Enquête & récit
Kinshasa, Gombe, Limete, Kasa-Vubu : partout le même refrain. Dans les banques, les guichets scrutent des cartes d’électeur défraîchies, plastifiées à la va-vite. Dans les entreprises, les services RH soupirent : « pas de carte nationale d’identité ». Depuis près de quarante ans, la République démocratique du Congo promet de reconnaître officiellement ses citoyens ; depuis quarante ans, la promesse s’abîme dans les sables mouvants de la politique, des contrats mal ficelés et des circuits administratifs capricieux.
I. Héritages et angles morts (1984–2018)
1984. Dans le Zaïre de Mobutu Sese Seko, le pouvoir tente de relancer une « carte verte » censée unifier l’identité des citoyens. Quelques communes de Kinshasa sont servies, le reste s’enlise.
1997. Chute de Mobutu. La carte zaïroise est abandonnée. Commence alors une longue parenthèse sans CNI. Les Congolais apprennent à vivre avec des expédients : actes de naissance, attestations, permis qui ne se renouvellent plus, surtout cartes d’électeur qui, de scrutin en scrutin (2006, 2011, 2018), deviennent la béquille identitaire d’un pays de plus de 100 millions d’habitants.
Sous Joseph Kabila, l’idée d’un système moderne ressurgit. Janvier 2015, le palais et la primature créent l’Office national d’identification de la population (ONIP) et évoquent un recensement préalable. Mauvais calendrier : l’opposition y voit un instrument de « glissement » pour différer la présidentielle de 2016. Du 19 au 21 janvier, la rue s’embrase. Le recensement est retiré, l’ONIP s’endort.
Dans l’ombre, une autre piste se trame : Semlex, la société de l’homme d’affaires belge Albert Karaziwan. Le montage est séduisant sur le papier (2014–2015) : vendre des passeports biométriques à 185 dollars pour financer des cartes d’identité gratuites (5 dollars l’unité). En juin 2015, Kinshasa signe le contrat passeports (environ 222 M$ sur 5 ans) ; un projet CNI (environ 430 M$) obtient un « avis favorable ». La suite, on la connaît : les passeports sont vendus, mais la CNI n’est jamais lancée.

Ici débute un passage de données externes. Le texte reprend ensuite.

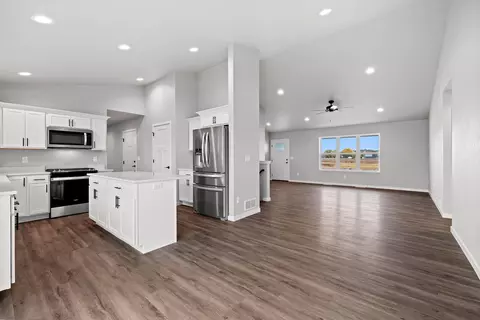 566 Emerald Isle Ct, Wrightstown, WI 54180 photo 2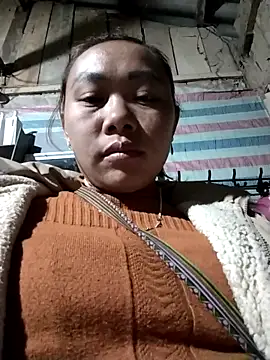 Snapshot of Bella-222 chatting on 3, 2, 2026 Bella-222 online show from 3, 2, 2026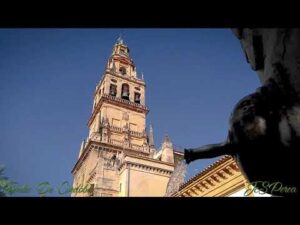 El Patio de los Naranjos: Descubre la belleza de Córdoba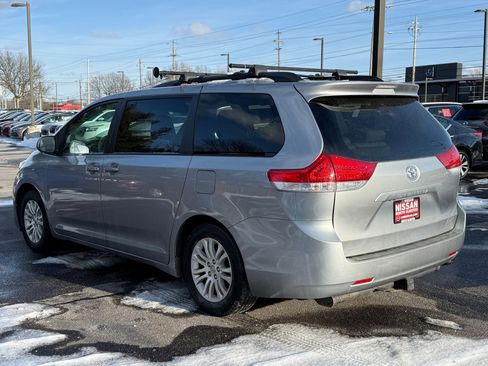 Used 2013 Toyota Sienna XLE image 6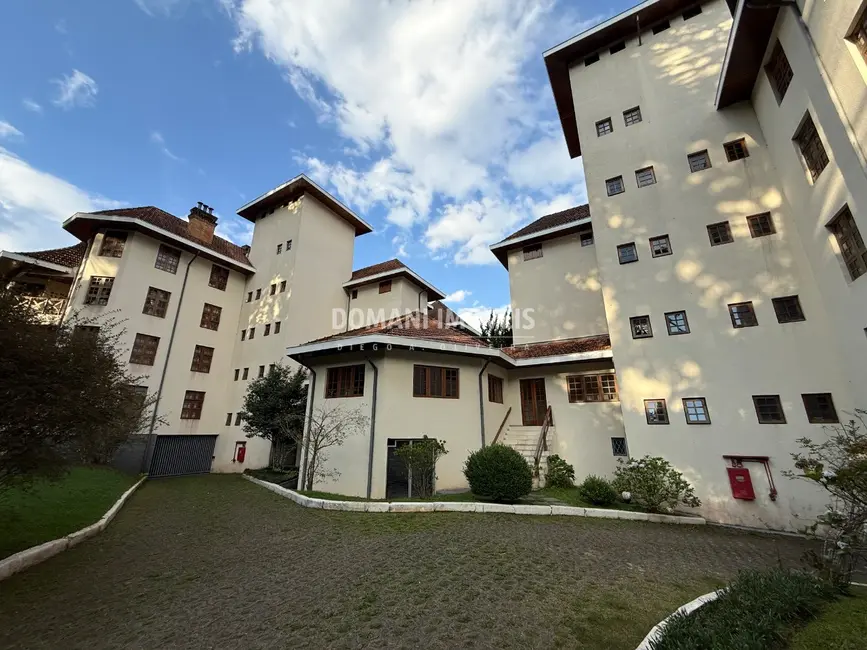 Foto 3 de Apartamento com 5 quartos à venda, 229m2 em Campos Do Jordao - SP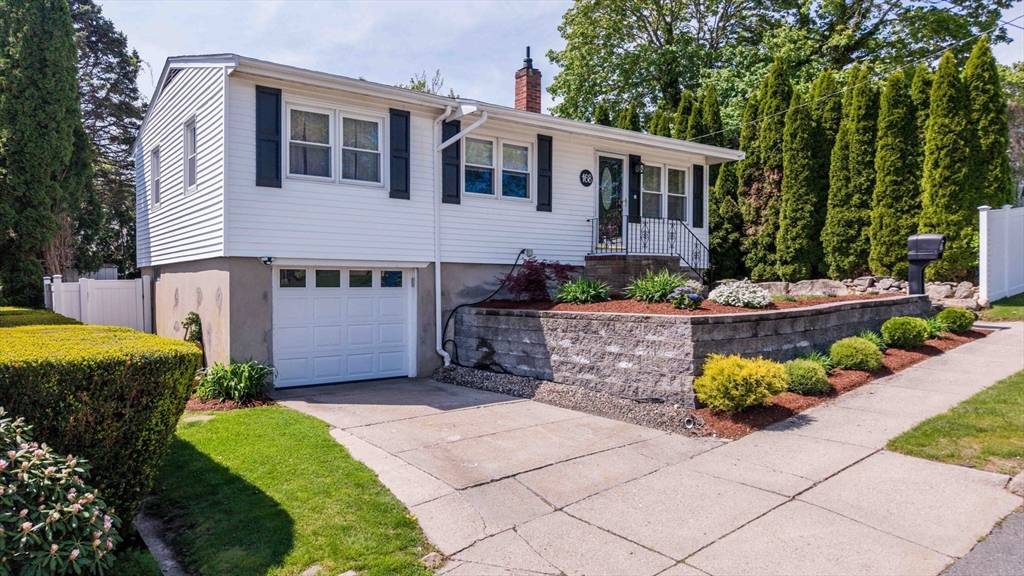 New Bedford, MA 02740,168 Macomber St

En revanche, une part des recettes emprunte de curieux détours via des sociétés-écrans, jusqu’à irriguer des projets privés, Hypnose, un centre commercial clinquant inauguré à Lubumbashi en juin 2018. À la fin de l’ère Kabila, le pays n’a toujours pas de carte d’identité ; il a, en revanche, gardé des traces de ses mirages.
II. Le sursaut et l’illusion (2019–mi-2024)
24 janvier 2019. Félix Antoine Tshisekedi prête serment et remet l’identification au cœur de l’agenda.
2 mars 2022. Le Premier ministre Sama Lukonde signe le décret n°22/09 : mutualisation des moyens entre l’ONIP, la CENI et l’INS. L’idée est simple et pragmatique : capitaliser sur les centres et kits d’enrôlement électoral pour bâtir le fichier général de la population.
Juin 2022. Des décrets viennent créer juridiquement la nouvelle CNI. Le cadre existe enfin.
8 juin 2023. Protocole de transfert des données CENI → ONIP/INS.
30 juin 2023. Devant les caméras, à l’esplanade du ministère de l’Intérieur, Tshisekedi reçoit la première CNI. Le symbole est puissant : « le rêve devient réalité ».
Dans les couloirs, un opérateur sort du bois : Afritech, porté par l’homme d’affaires malien Samba Bathily, et la référence technologique Idemia. À l’ONIP, on parle d’un partenariat public-privé censé accélérer la bascule. Septembre 2023, un gré à gré est scellé ONIP–Afritech, Idemia étant présentée comme partenaire technologique : environ 697 M$ sur la phase initiale (État 104 M$, privé environ 593 M$).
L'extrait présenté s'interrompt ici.